* [Directions]: Retype all of the data word for word, without pictures.

* [Extracted data]:
------

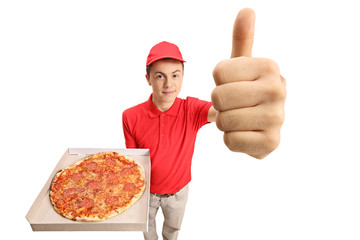 Teenage pizza delivery boy holding a pizza and making a thumb up gesture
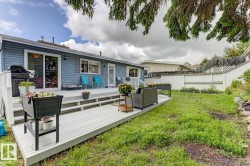 Rear exterior showcasing a multi-level deck with white railings, a sliding glass door, and a separate entry door - 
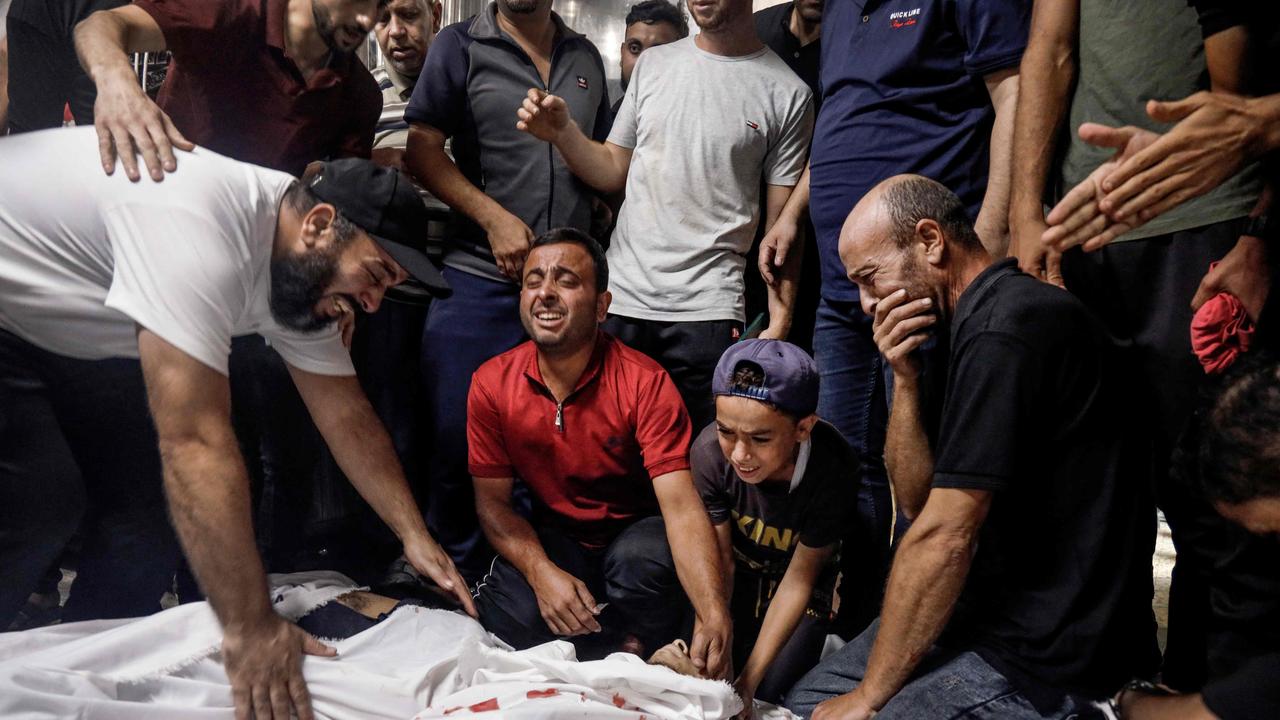 Family members and relatives mourn over the bodies of Palestinian militants killed in the latest infiltration operation into Israel, at the mortuary of a hospital in Gaza City. Picture: AFP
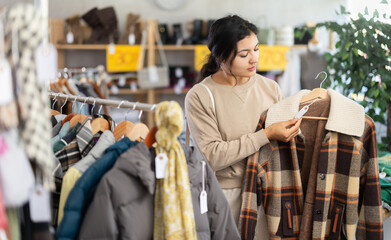 Latina woman looking at outerwear, jackets and coats at a sale in a clothing store, she pays attention to the price tag. Against the background are hangers with jackets and signs about discounts. © JackF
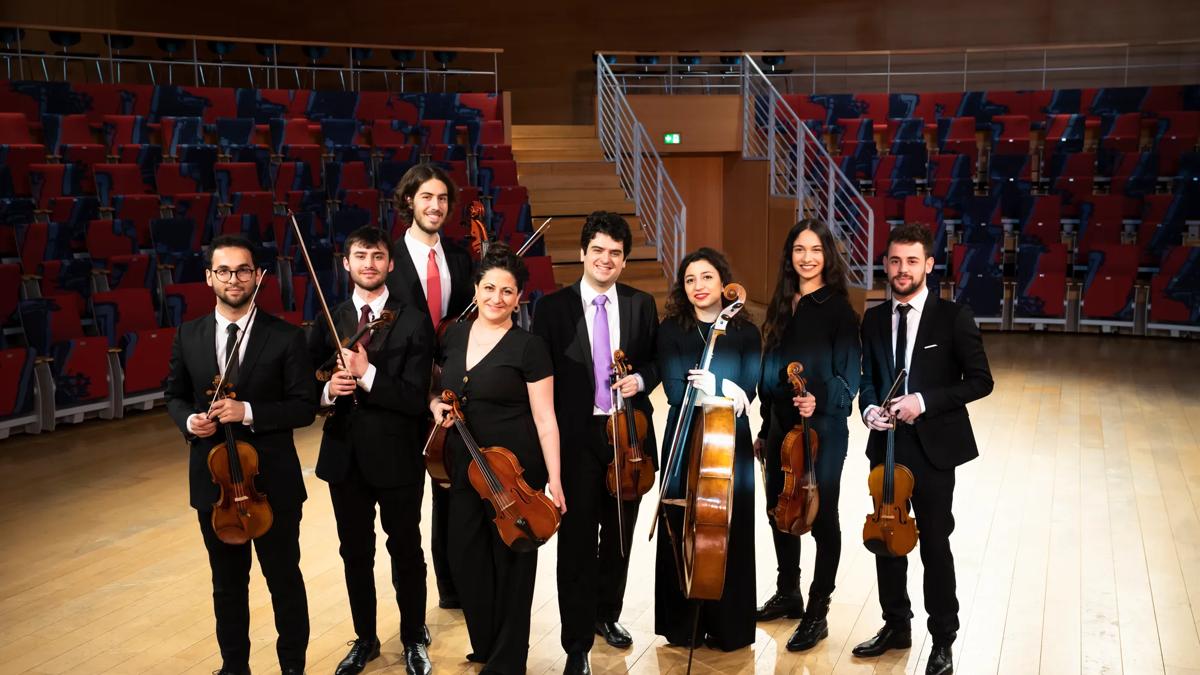 A group of string musicians. 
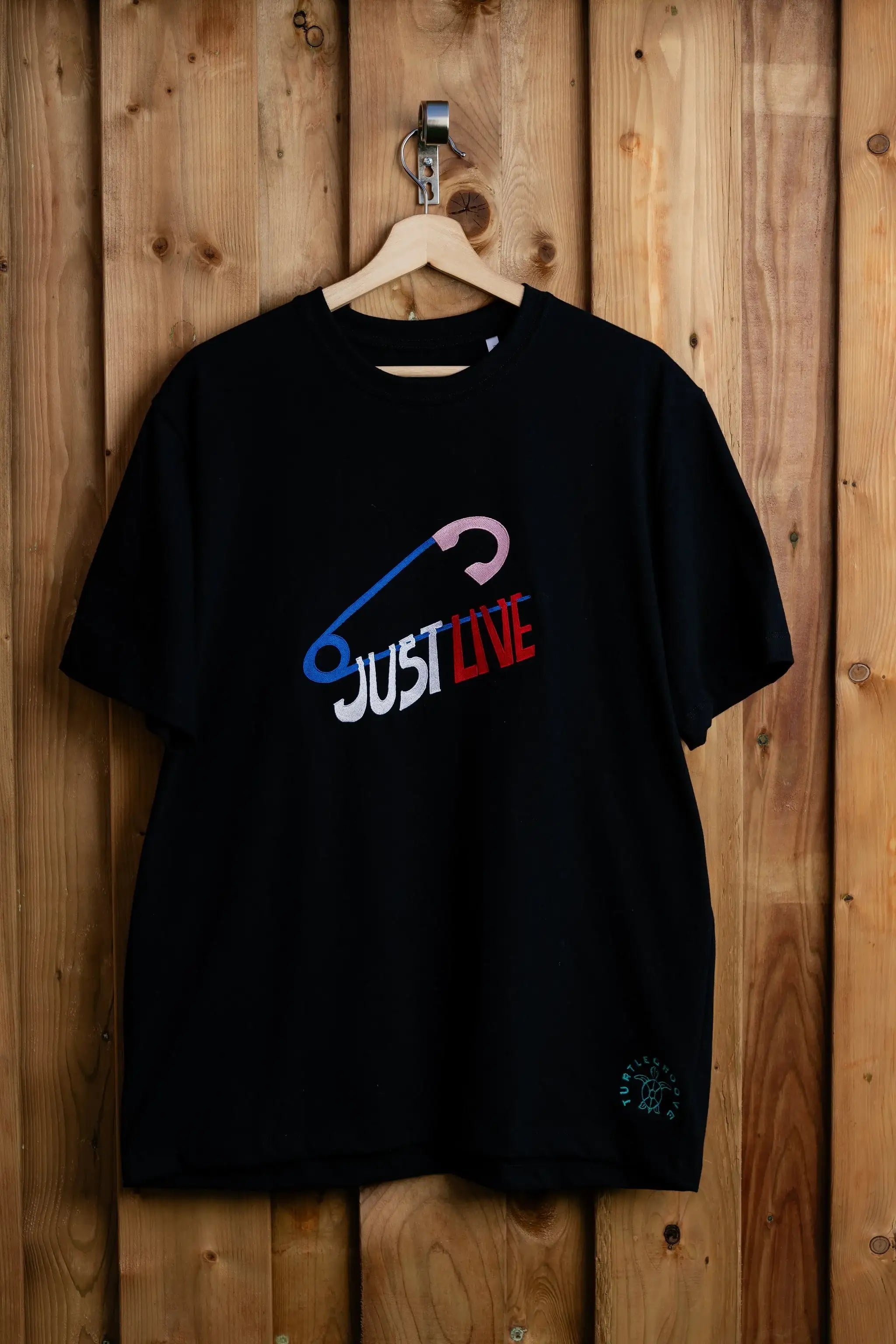 JustLive embroidered t-shirt by TURTLEGROOVE – front view, black
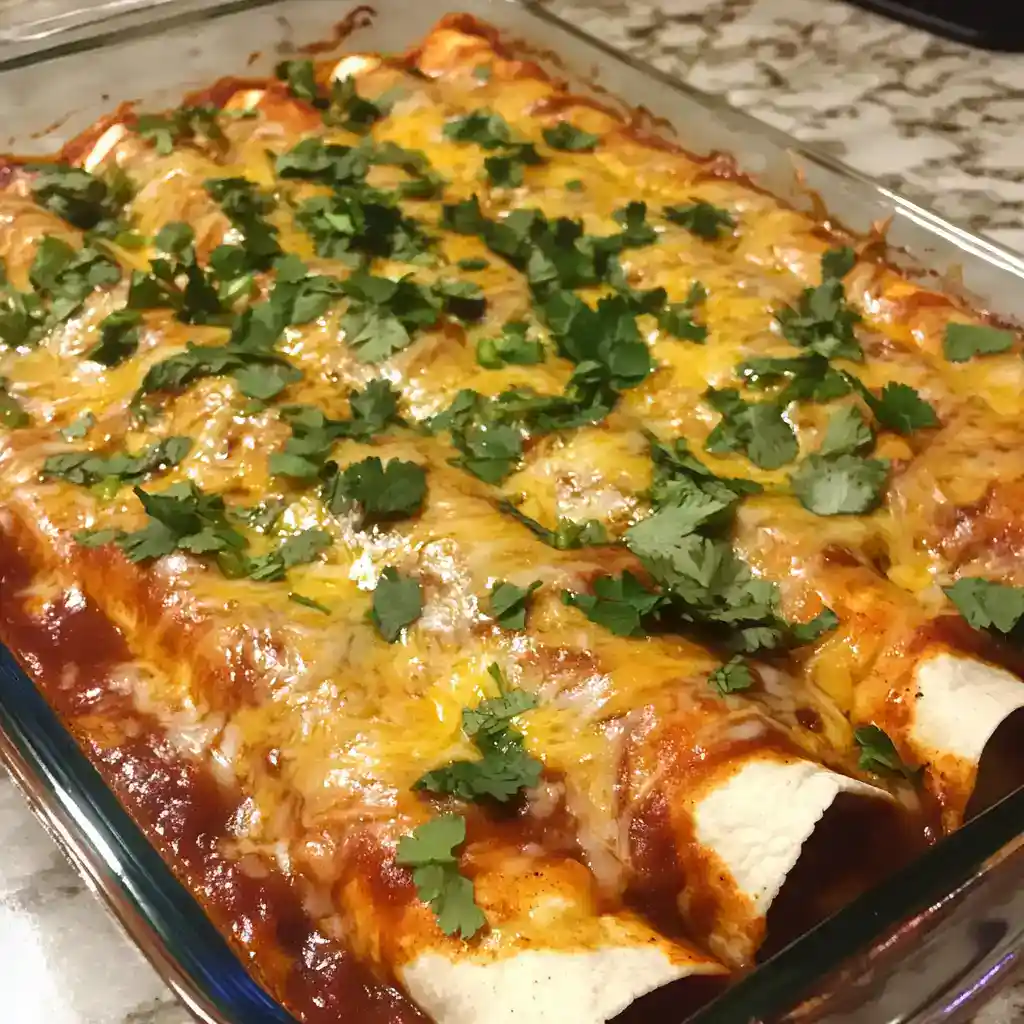 Delicious baked enchiladas filled with chicken, cheese, and topped with fresh cilantro, perfect for family dinners or casual gatherings. A flavorful, easy-to-make Mexican-inspired dish.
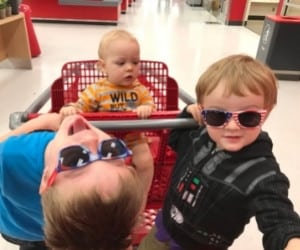 toddler preschooler and baby in a shopping cart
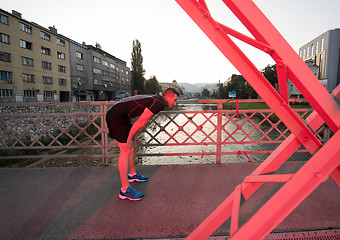 Image showing man jogging across the bridge at sunny morning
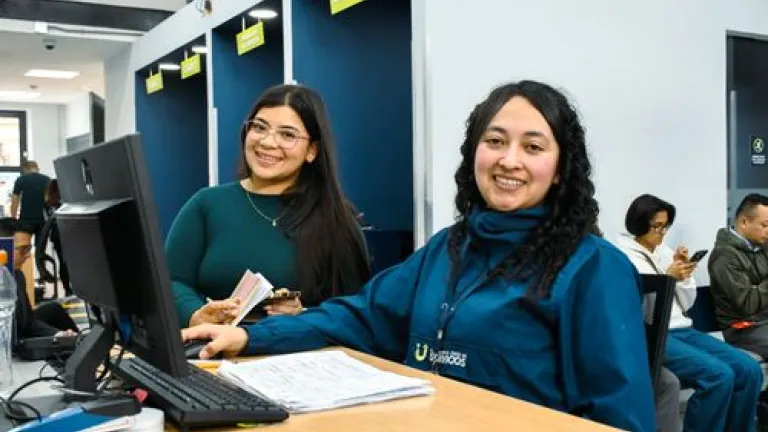 Ciudadana sonríe al ser atendida por una analista de la Ventanilla Única de Servicios - Foto: Valentina Bachiller © Consorcio Circulemos Digital, 2026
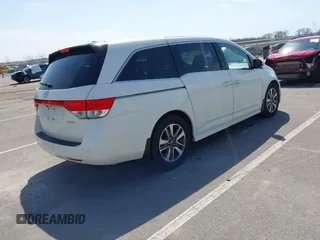 2016 Honda Odyssey Touring Elite with VIN 5FNRL5H97GB044278, listed as a IAAI auction lot 42056101 with 182,396 mi miles and . Bid and sale history available at DreamBid. Image 4.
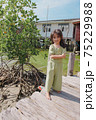 little girl in dress standing and posing 75229988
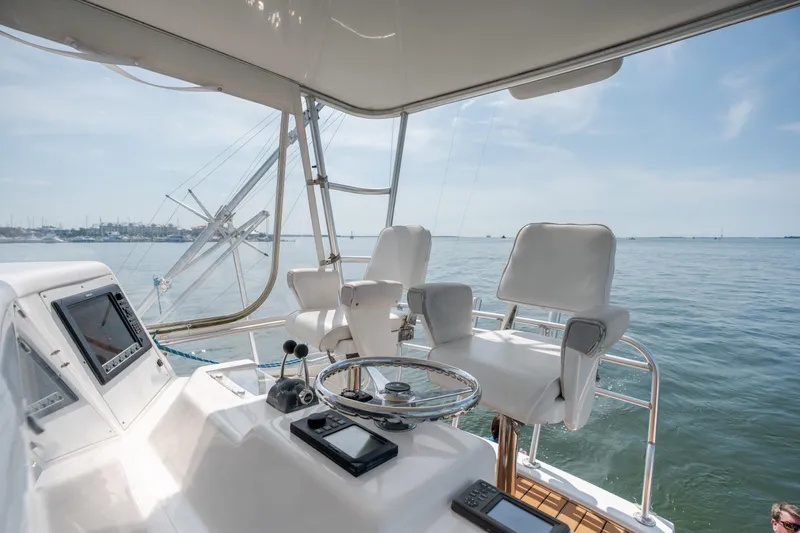 Slide: The Image of Helm of 2003 Bertram 390 Convertible yacht with ocean view and navigation equipment. - 19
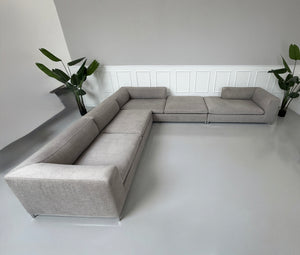 Gebrauchtes graues B&B Italia Michel Designer Stoff Sofa vor einer Wand, stilvoll und modern eingerichtet.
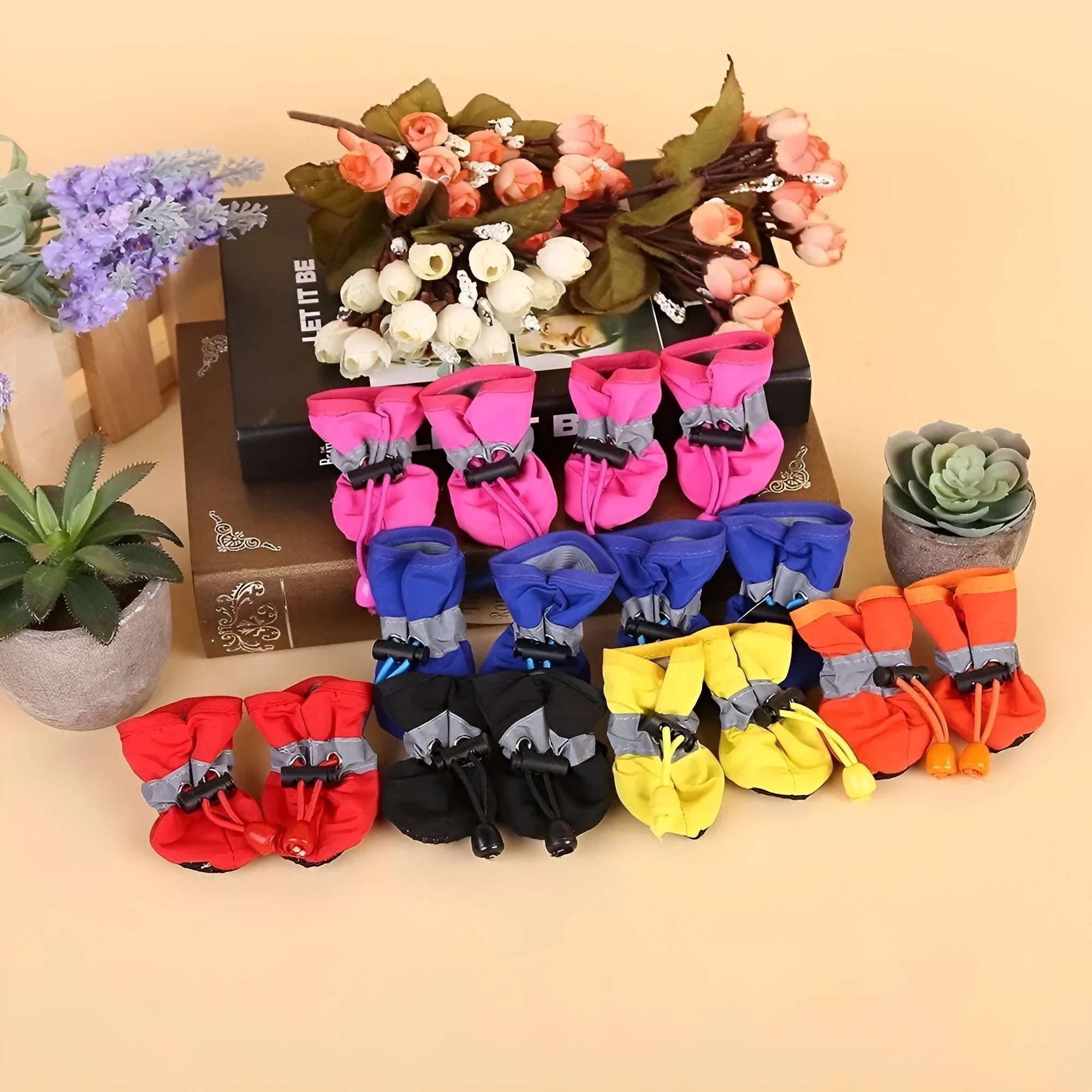 Set of four dog shoes in cloth material with soft soles, shown in multiple colour options including fleece-lined variants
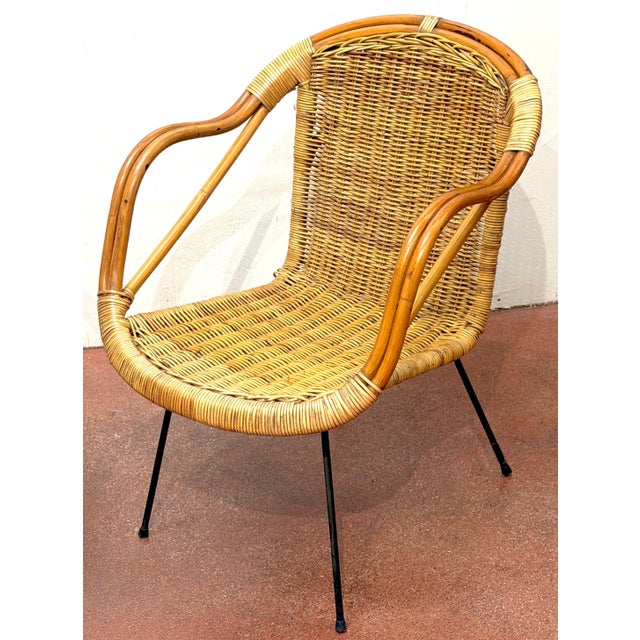 Pair of Italian Bamboo and Rattan Club Chairs Attributed to Franco Albini, Italy, 1950s A sculptural and highly refined...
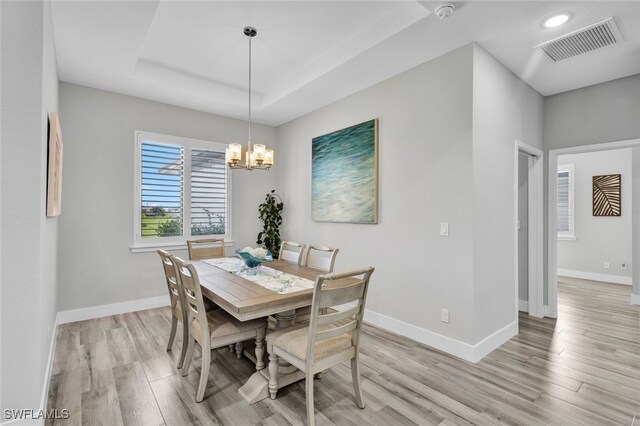 dining area featuring light hardwood / wood-style floors and an inviting chandelier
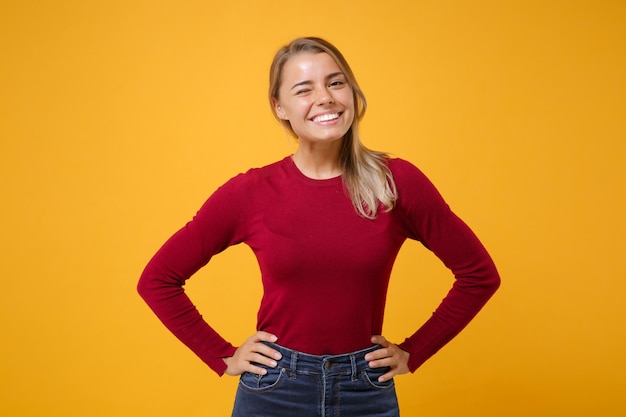 Sorridente giovane donna bionda ragazza in abiti casual in posa isolato su sfondo giallo arancione ritratto in studio. Concetto di stile di vita delle persone. Simula lo spazio della copia. Stare con le braccia sui fianchi in vita, lampeggiante.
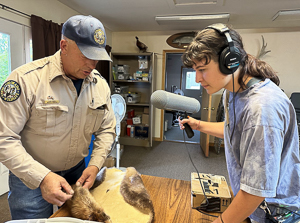 Klara Goldman holding audio-recording equipment and interviewing a Colorado Parks and Wildlife staff member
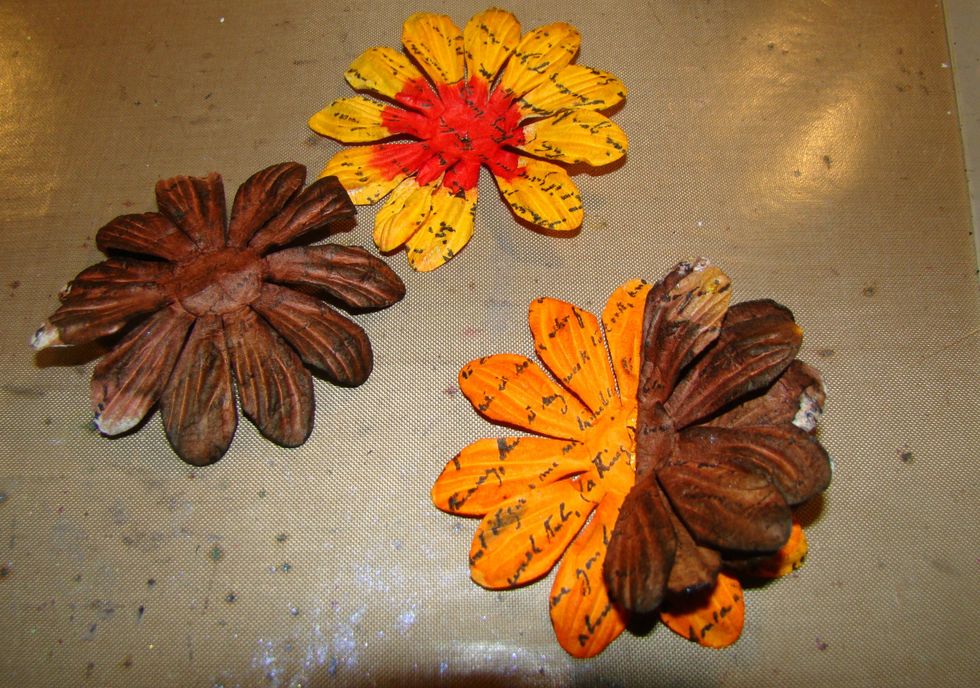 Take 1 brown flower and fold in half and glue, take the other brown flower and fold in half and glue to the other side. Glue your last flower to the top and fluff all the petals.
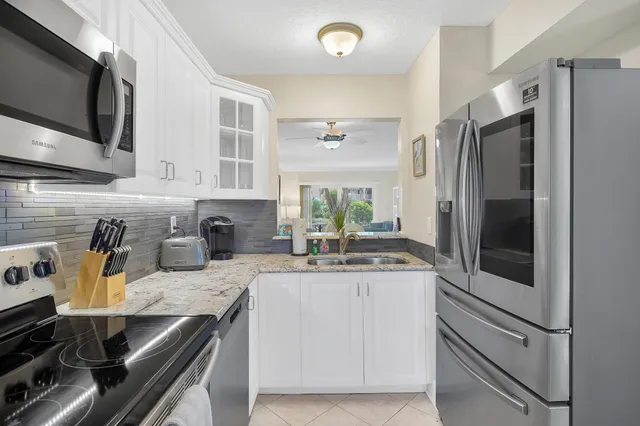 a kitchen with a sink stove and refrigerator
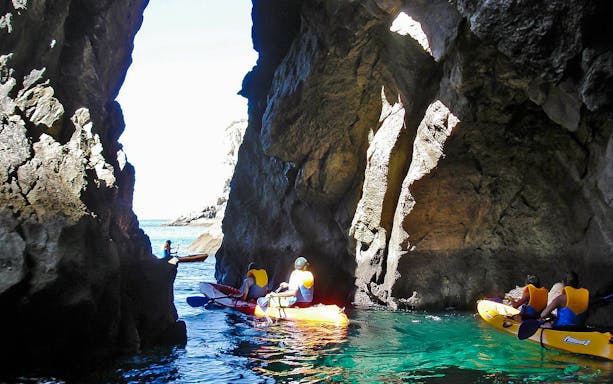 Kayakers paddling in clear waters of Arrábida Natural Park, Lisbon, with rocky cliffs in the background.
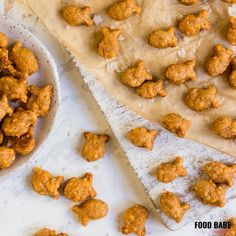 some food that is on a table next to a bowl and paper towel with something in it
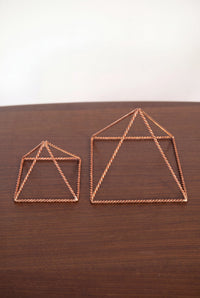 Pyramide énergisante en cuivre torsadé Kopero, les deux tailles côte à côte sur une table en bois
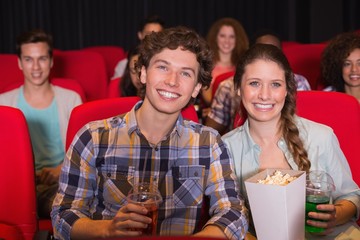 Young couple watching a film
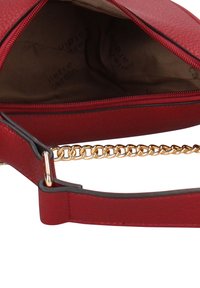 Borsa a tracolla in pelle rossa con tracolla a catena dorata e chiusura con cerniera. L'interno è in tessuto beige con logo del marchio.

------

* [Answer to this task]:
 Teenage pizza delivery boy holding a pizza and making a thumb up gesture
 Rear exterior showcasing a multi-level deck with white railings, a sliding glass door, and a separate entry door - 
 Family members and relatives mourn over the bodies of Palestinian militants killed in the latest infiltration operation into Israel, at the mortuary of a hospital in Gaza City. Picture: AFP
 Latina woman looking at outerwear, jackets and coats at a sale in a clothing store, she pays attention to the price tag. Against the background are hangers with jackets and signs about discounts. © JackF
 A group of string musicians. 
 JustLive embroidered t-shirt by TURTLEGROOVE – front view, black
 Delicious baked enchiladas filled with chicken, cheese, and topped with fresh cilantro, perfect for family dinners or casual gatherings. A flavorful, easy-to-make Mexican-inspired dish.
 toddler preschooler and baby in a shopping cart
 Image showing man jogging across the bridge at sunny morning
 Ciudadana sonríe al ser atendida por una analista de la Ventanilla Única de Servicios - Foto: Valentina Bachiller © Consorcio Circulemos Digital, 2026
 2016 Honda Odyssey Touring Elite with VIN 5FNRL5H97GB044278, listed as a IAAI auction lot 42056101 with 182,396 mi miles and . Bid and sale history available at DreamBid. Image 4.
 little girl in dress standing and posing 75229988
 Slide: The Image of Helm of 2003 Bertram 390 Convertible yacht with ocean view and navigation equipment. - 19
 Gebrauchtes graues B&B Italia Michel Designer Stoff Sofa vor einer Wand, stilvoll und modern eingerichtet.
 Set of four dog shoes in cloth material with soft soles, shown in multiple colour options including fleece-lined variants
 Pair of Italian Bamboo and Rattan Club Chairs Attributed to Franco Albini, Italy, 1950s A sculptural and highly refined...
 dining area featuring light hardwood / wood-style floors and an inviting chandelier
 Sorridente giovane donna bionda ragazza in abiti casual in posa isolato su sfondo giallo arancione ritratto in studio. Concetto di stile di vita delle persone. Simula lo spazio della copia. Stare con le braccia sui fianchi in vita, lampeggiante.
 Klara Goldman holding audio-recording equipment and interviewing a Colorado Parks and Wildlife staff member
 Take 1 brown flower and fold in half and glue, take the other brown flower and fold in half and glue to the other side. Glue your last flower to the top and fluff all the petals.
 a kitchen with a sink stove and refrigerator
 Kayakers paddling in clear waters of Arrábida Natural Park, Lisbon, with rocky cliffs in the background.
 some food that is on a table next to a bowl and paper towel with something in it
 Pyramide énergisante en cuivre torsadé Kopero, les deux tailles côte à côte sur une table en bois
 Young couple watching a film
 Borsa a tracolla in pelle rossa con tracolla a catena dorata e chiusura con cerniera. L'interno è in tessuto beige con logo del marchio.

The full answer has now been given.